Criticism of the C programming language

From Wikipedia, the free encyclopedia

Criticism of the C programming language refers to critical commentary directed at the C programming language. This widely used language first appeared on larger computers but, like Pascal, soon found its way to CP/M and MS-DOS based microcomputers, where it achieved a rapid acceptance in the industry.

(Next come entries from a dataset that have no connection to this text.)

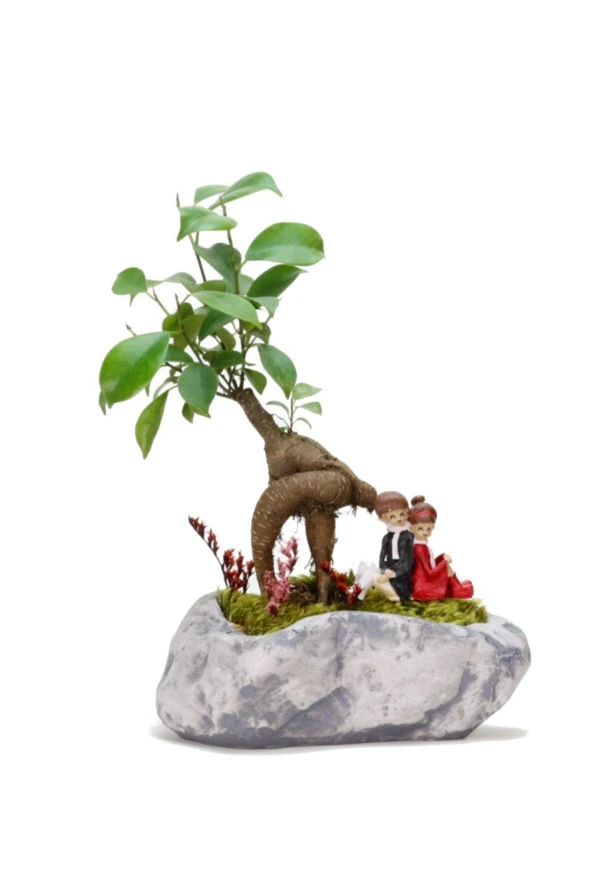 Pisagor Mini Ficus Bonsai Ve Sırt Sırta Sevgililer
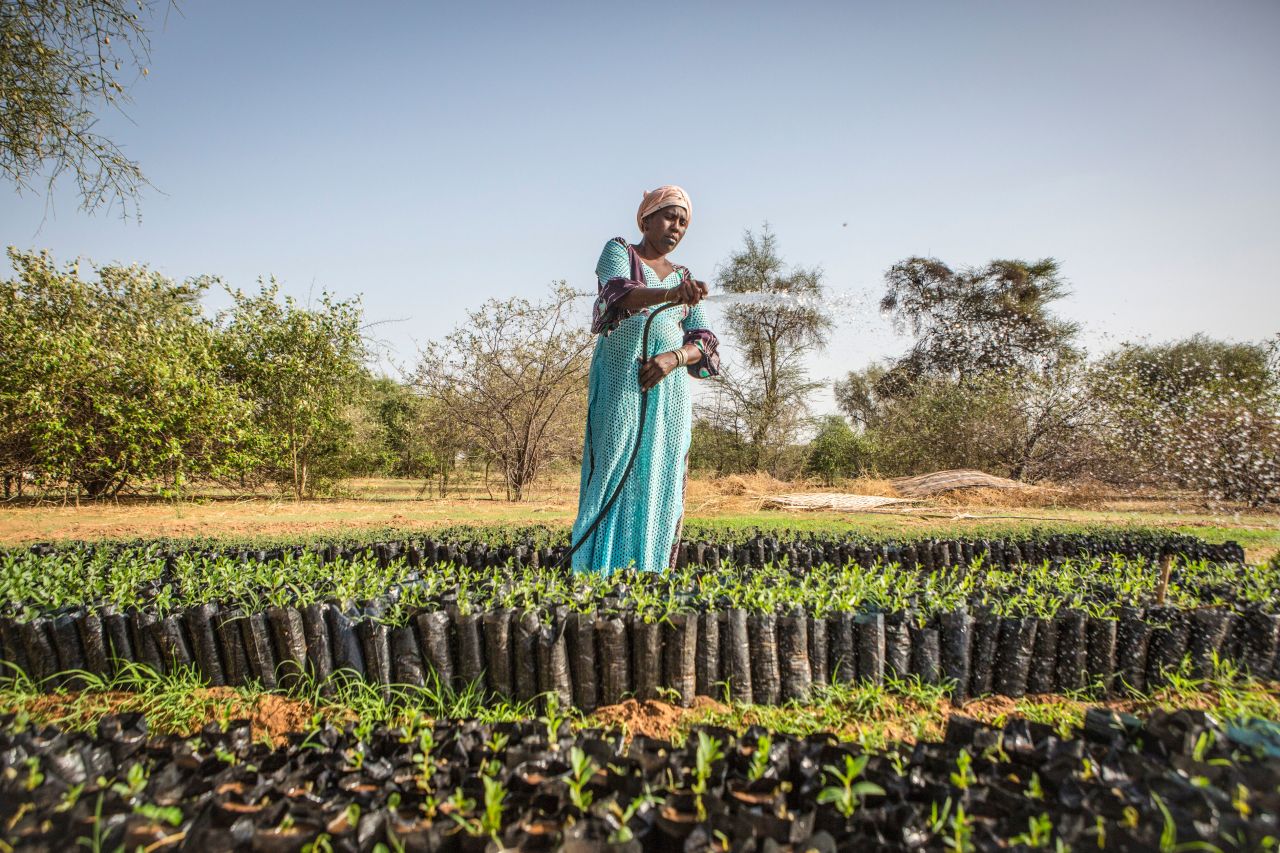 Recent funding of more than <a href="https://www.unccd.int/news-events/great-green-wall-receives-over-14-billion-regreen-sahel-france-world-bank-listed-0" target="_blank" target="_blank">$14 billion</a> from France, the World Bank and other donors is expected to accelerate the project -- contributing nearly half of the $33 billion the UN estimates is needed to achieve the 2030 goal.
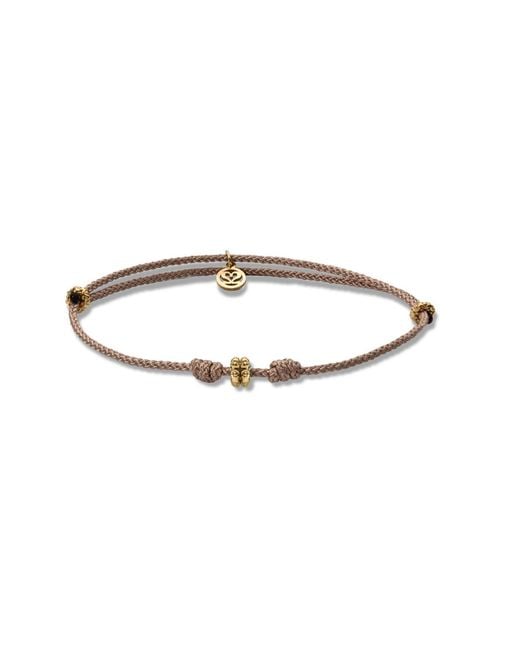 Tvento Brown The Ruplets Arena Bracelet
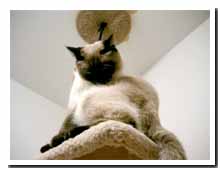 cats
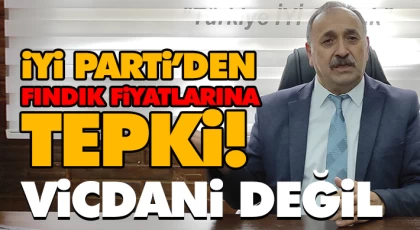 İyi Parti’den Fındık Fiyatlarına Tepki! Vicdani Değil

Despite (or due to) its popularity, C's characteristics have led to much criticism.

Contents

[edit] Minimalist design

A popular saying, repeated by such notable language designers as Bjarne Stroustrup, is that "C makes it easy to shoot yourself in the foot."[1] In other words, C permits some operations that are sometimes not desirable, and thus many simple programming errors are not detected by the compiler and may not be readily apparent at runtime. If sufficient care and discipline are not used in programming and maintenance, this may lead to programs with unpredictable behavior and security holes. (Although this is not unique to C, C provides less protection than do many other programming languages.)

The designers wanted to avoid compile- and run-time checks that were too expensive when C was first implemented. With time, external tools were developed to perform some of these checks. Nothing prevents an implementation from providing such checks, but nothing requires it, either.

In their response to criticism of C not being a strongly-typed language, Kernighan and Ritchie made reference to the basic design philosophy of C: "Nevertheless, C retains the basic philosophy that programmers know what they are doing; it only requires that they state their intentions explicitly."[2][3]

[edit] Absent features

C was designed to be a small, simple language, which has contributed significantly to its acceptance, as new C compilers can be developed quickly for new platforms. The relatively low-level nature of the language affords the programmer close control over what the computer does, while allowing specially tailoring and aggressive optimization for a particular platform. This allows the code to run efficiently on very limited hardware, such as embedded systems.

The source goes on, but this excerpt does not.